A notch or a cavity may be provided in the second liquid absorber at a position corresponding to the introduction port.

In one aspect of the liquid absorber,
The second liquid absorber is provided on the first liquid absorber,
an inlet for introducing the liquid into the case is provided in a side wall portion of the case,
The introduction port may be provided on the side of the first liquid absorber.

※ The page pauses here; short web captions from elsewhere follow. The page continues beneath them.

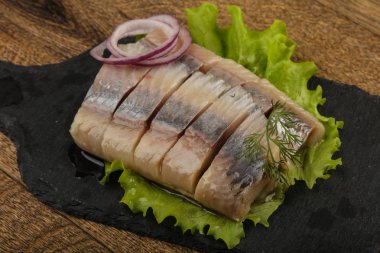 Dilimlenmiş ringa balığı filetosu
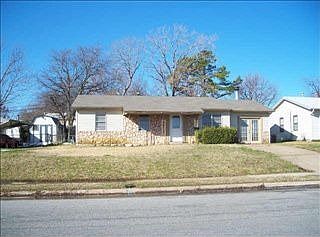 5th image of 1013 Aransas Dr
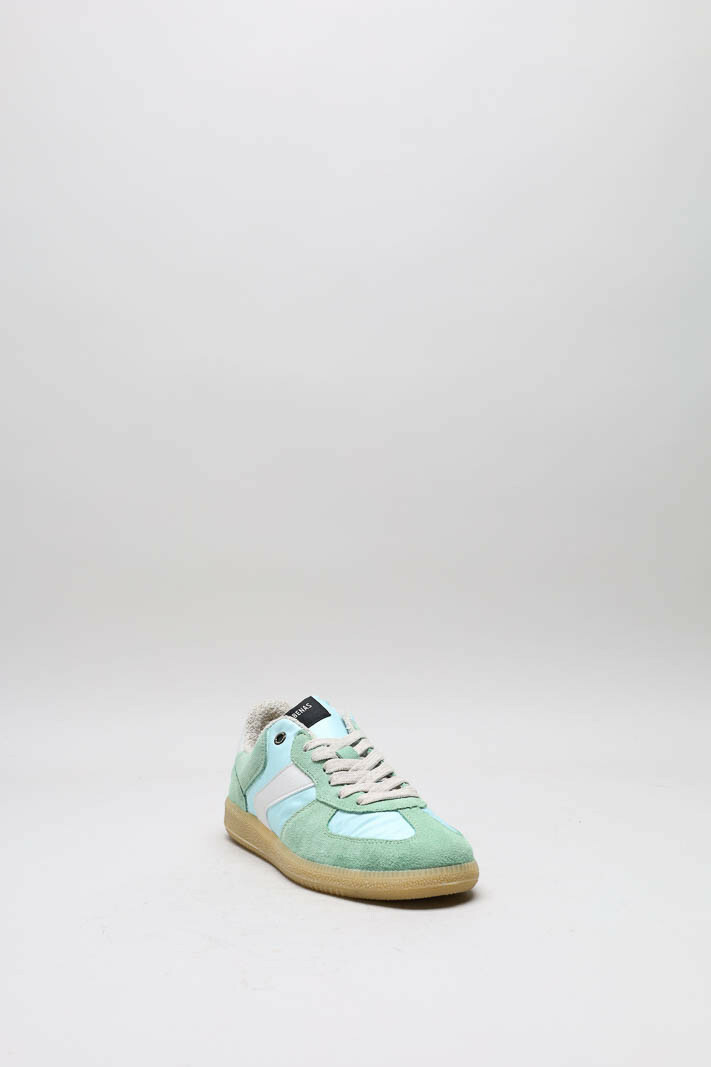 Watergroen Sneaker image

One aspect of the liquid ejection device according to the present invention includes:
a liquid ejection head;
and an aspect of the liquid absorber that absorbs the liquid ejected from the liquid ejection head.

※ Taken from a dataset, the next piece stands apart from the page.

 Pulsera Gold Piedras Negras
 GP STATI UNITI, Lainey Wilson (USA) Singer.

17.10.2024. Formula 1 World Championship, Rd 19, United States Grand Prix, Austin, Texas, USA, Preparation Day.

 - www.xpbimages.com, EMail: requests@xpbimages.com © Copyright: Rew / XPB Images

BRIEF DESCRIPTION OF THE DRAWINGS Sectional drawing which shows typically the liquid absorber which concerns on this embodiment. The figure which shows typically the 1st liquid absorber of the liquid absorber which concerns on this embodiment. The perspective view which shows typically the small piece of the liquid absorber which concerns on this embodiment. Sectional drawing which shows typically the small piece of the liquid absorber which concerns on this embodiment. 4A and 4B are diagrams for explaining the method of manufacturing the liquid absorber according to the present embodiment; FIG. 4A and 4B are diagrams for explaining the method of manufacturing the liquid absorber according to the present embodiment; FIG. 4A and 4B are diagrams for explaining the method of manufacturing the liquid absorber according to the present embodiment; FIG. The top view which shows typically the liquid absorber which concerns on the 1st modification of this embodiment. Sectional drawing which shows typically the liquid absorber which concerns on the 1st modification of this embodiment. The top view which shows typically the liquid absorber which concerns on the 1st modification of this embodiment. Sectional drawing which shows typically the liquid absorber which concerns on the 2nd modification of this embodiment. Sectional drawing which shows typically the small piece of the liquid absorber which concerns on the 3rd modification of this embodiment. The figure for demonstrating the manufacturing method of the liquid absorber which concerns on the 3rd modification of this embodiment. The figure for demonstrating the manufacturing method of the liquid absorber which concerns on the 3rd modification of this embodiment. Sectional drawing which shows typically the liquid absorber which concerns on the 4th modification of this embodiment. 1 is a diagram schematically showing a liquid ejection device according to an embodiment; FIG. Table showing evaluation results of Examples 1 to 6 and Comparative Examples 1 to 3.

Preferred embodiments of the present invention will be described in detail below with reference to the drawings. It should be noted that the embodiments described below do not unduly limit the scope of the invention described in the claims. Moreover, not all the configurations described below are essential constituent elements of the present invention.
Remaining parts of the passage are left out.